Far less may the eye say to the foot; in unbecoming pride, I have no need of thee, for the eye, in spite of its glory, cannot do the essential, if lowly, work of the foot. Such an idea in the body natural, were folly; though, alas, possible and actual in the body spiritual.
These members, these gifts, have been set in the church by God Himself, and each is placed by Him in the sphere intended.
But what a marvellous organism does the body of Christ thus present to us! How divine the conception! How profound the statement: —“So also is the Christ.”
But, secondly, if we turn to Ephesians 3 we find that the mystery of Christ affects a wider field than the body itself. This unity is to be viewed as an exhibition of the manifold wisdom of God, by principalities and powers in heavenly places, the wonder of the ages, the vessel of the surpassing riches of His grace in His kindness to us through Christ Jesus. There we find what are called, “the unsearchable riches of Christ,” and there are to be seen, if eyes are only divinely open, the administration—the practical and visible operation of this mystery.

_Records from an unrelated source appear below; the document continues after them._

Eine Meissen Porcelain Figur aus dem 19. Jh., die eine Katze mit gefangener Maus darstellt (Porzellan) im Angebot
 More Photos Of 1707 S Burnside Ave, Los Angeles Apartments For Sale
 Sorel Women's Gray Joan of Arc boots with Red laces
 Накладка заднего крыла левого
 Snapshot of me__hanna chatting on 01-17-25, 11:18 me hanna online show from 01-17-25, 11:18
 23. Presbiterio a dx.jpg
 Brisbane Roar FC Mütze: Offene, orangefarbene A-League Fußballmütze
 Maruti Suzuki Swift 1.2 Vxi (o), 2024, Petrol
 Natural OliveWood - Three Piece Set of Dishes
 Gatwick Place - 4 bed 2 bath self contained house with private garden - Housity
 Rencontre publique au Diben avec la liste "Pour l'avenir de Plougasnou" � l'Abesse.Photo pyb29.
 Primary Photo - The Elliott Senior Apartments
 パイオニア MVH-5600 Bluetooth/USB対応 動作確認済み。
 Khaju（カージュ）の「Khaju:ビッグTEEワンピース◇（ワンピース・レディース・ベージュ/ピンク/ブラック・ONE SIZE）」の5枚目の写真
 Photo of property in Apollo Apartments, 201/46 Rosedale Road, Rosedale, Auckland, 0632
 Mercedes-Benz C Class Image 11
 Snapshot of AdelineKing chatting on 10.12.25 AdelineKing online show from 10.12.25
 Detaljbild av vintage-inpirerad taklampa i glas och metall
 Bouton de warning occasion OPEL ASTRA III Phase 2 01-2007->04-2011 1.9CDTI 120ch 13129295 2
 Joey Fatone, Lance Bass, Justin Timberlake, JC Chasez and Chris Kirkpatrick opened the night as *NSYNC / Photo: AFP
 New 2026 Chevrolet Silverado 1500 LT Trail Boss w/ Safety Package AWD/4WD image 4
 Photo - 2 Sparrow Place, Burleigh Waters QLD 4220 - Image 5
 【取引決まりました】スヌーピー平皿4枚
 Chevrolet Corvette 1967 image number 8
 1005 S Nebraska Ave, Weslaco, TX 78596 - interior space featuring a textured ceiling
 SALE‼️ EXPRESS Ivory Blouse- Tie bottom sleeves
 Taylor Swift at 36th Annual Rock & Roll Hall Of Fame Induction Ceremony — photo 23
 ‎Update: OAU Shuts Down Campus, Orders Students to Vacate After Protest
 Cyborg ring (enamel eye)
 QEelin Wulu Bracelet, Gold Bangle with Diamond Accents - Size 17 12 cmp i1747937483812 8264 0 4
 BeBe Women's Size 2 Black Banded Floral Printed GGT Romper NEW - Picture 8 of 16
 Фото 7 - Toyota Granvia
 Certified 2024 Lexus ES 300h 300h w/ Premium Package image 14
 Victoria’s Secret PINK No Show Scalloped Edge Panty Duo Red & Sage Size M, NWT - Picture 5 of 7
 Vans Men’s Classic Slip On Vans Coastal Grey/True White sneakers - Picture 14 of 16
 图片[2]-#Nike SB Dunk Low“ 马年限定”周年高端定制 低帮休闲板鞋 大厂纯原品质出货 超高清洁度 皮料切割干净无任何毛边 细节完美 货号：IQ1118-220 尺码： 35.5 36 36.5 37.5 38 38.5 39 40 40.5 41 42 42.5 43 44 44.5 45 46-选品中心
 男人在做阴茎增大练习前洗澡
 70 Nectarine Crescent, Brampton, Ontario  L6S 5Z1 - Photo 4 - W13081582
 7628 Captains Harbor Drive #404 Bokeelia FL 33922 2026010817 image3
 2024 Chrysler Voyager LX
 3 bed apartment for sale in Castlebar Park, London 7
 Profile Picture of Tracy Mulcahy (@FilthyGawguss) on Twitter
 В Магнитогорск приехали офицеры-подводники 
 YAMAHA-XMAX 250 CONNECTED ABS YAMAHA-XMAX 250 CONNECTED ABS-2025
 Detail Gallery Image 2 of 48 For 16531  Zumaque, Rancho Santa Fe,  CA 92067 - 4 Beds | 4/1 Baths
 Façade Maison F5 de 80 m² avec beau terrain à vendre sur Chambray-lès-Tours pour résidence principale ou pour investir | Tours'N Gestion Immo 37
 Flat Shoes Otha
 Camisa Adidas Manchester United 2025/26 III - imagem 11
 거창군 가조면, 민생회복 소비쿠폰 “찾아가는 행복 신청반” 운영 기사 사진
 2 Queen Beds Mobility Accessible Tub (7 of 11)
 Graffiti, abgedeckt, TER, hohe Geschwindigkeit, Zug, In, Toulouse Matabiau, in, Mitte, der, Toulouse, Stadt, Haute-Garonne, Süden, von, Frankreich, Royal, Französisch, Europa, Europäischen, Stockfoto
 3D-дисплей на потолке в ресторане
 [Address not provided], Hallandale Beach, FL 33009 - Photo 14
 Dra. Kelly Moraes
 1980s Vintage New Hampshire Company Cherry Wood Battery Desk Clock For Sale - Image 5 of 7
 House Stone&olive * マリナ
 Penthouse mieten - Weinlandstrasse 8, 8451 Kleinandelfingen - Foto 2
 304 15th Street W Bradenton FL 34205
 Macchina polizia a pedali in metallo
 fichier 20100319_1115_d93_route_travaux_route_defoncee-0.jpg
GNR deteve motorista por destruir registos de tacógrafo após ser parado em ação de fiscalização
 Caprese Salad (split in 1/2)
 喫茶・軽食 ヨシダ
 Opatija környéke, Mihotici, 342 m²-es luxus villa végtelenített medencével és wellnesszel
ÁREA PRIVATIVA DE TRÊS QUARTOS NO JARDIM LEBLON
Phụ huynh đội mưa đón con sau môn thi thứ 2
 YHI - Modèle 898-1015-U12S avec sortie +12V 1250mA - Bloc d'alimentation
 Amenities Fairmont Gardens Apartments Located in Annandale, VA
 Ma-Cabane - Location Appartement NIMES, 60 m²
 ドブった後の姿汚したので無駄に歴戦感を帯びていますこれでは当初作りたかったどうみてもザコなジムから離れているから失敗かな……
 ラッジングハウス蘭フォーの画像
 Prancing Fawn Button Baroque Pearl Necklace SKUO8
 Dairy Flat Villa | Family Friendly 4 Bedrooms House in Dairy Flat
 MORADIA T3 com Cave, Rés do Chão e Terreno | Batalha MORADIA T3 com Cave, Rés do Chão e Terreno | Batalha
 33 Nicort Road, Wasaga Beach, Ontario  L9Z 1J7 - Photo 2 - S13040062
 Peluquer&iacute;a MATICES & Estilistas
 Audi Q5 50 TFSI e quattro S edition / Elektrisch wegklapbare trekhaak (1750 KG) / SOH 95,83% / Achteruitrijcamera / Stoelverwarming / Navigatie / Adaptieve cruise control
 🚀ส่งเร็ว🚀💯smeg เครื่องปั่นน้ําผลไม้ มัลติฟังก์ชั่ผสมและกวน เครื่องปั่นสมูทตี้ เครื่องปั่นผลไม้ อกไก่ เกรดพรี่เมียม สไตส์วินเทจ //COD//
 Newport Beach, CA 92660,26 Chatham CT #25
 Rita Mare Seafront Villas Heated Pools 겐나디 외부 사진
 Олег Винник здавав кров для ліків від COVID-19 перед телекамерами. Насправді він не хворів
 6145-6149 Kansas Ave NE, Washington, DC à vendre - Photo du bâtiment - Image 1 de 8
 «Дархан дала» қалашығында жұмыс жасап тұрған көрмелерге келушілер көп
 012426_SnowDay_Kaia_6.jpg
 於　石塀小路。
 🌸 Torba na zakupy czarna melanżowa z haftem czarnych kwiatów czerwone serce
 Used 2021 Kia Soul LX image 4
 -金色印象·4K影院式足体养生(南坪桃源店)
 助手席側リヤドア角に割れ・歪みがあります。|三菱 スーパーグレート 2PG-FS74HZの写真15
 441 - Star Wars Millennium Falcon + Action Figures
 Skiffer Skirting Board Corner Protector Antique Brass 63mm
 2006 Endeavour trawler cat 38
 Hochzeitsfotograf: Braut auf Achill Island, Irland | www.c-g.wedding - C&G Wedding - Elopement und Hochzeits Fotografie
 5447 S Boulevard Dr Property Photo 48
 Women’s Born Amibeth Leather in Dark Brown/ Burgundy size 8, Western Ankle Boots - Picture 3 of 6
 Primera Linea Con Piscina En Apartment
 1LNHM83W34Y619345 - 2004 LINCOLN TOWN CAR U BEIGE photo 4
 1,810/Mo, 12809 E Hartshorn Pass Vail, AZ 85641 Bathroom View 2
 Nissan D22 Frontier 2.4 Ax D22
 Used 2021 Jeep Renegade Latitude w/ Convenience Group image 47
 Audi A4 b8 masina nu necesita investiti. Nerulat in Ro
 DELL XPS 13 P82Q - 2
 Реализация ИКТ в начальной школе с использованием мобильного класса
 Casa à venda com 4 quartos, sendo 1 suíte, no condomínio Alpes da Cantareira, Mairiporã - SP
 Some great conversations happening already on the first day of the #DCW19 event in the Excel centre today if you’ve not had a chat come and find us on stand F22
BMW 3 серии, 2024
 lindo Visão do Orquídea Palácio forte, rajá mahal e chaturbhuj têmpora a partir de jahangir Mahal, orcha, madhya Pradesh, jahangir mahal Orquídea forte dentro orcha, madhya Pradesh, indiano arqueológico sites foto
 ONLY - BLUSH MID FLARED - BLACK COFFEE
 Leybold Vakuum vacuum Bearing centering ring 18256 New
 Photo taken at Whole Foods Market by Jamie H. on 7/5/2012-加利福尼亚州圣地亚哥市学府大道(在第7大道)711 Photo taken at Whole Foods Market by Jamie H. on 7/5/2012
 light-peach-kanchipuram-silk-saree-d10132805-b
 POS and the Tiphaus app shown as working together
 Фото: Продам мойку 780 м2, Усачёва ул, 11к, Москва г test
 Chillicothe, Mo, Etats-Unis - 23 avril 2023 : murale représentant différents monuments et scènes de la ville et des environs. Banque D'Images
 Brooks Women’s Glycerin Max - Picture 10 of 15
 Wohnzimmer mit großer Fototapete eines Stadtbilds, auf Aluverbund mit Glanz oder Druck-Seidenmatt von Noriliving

In chapter 4 of the same Epistle we see the operation itself, first of all the kind of spirit that is absolutely necessary in those who would endeavour to keep the unity, not indeed, of the body, but of the Spirit, with whom that body is so closely allied, animated, and sustained in vigour.
And so we have gifts from an ascended Christ for the perfecting of the saints of whom the body is composed, till we all come in the further unity, that of the faith to the “measure of the stature of the fulness of Christ.” How practical in every sense is the mystery of Christ, as it is now revealed by apostles and prophets by the Spirit.
This is proved, thirdly, in the epistle to the Colossians, by the agony of soul through which the Apostle passed, when in prayer for that assembly and others. The riches of the glory of the mystery, hidden for ages but now revealed, is “Christ in you the hope of glory.” It was the coping stone to all the revelation of God; it completed the Word of God.
In this mystery of God, he tells us, are hid all the treasures of wisdom and knowledge; and to be possessed, therefore, of that treasure the soul is put on guard, intelligently against the mental seductions of the foe, such as philosophy, the traditions of men, circumcision, all that militates against the cross, the worship of angels, an abuse of the body which panders to fleshly pride—things which could have no existence, not be allowed, if the fullness of the Godhead bodily, in a risen Christ. and His headship as the ascended Man, were truly held.
In 1 Corinthians 12 the mystery has for its object the mutual care of the members; in Ephesians 3 the enlightenment of heavenly principalities and powers; and in Colossians 2 the preservation of the saints from the intellectual attacks of Satan and the world.
This is all intensely practical, the importance of it causing such conflict to the Apostle, who was specially appointed to be the minister of the church.
No wonder then finally, that in Romans 16:25 he regards it as essential to the establishment of the believer in the truth of the gospel, of which it is the complement; and although, without the knowledge of it, the believer may be justified, yet He lacks an apprehension of Christianity proper, and his work cannot but be defective.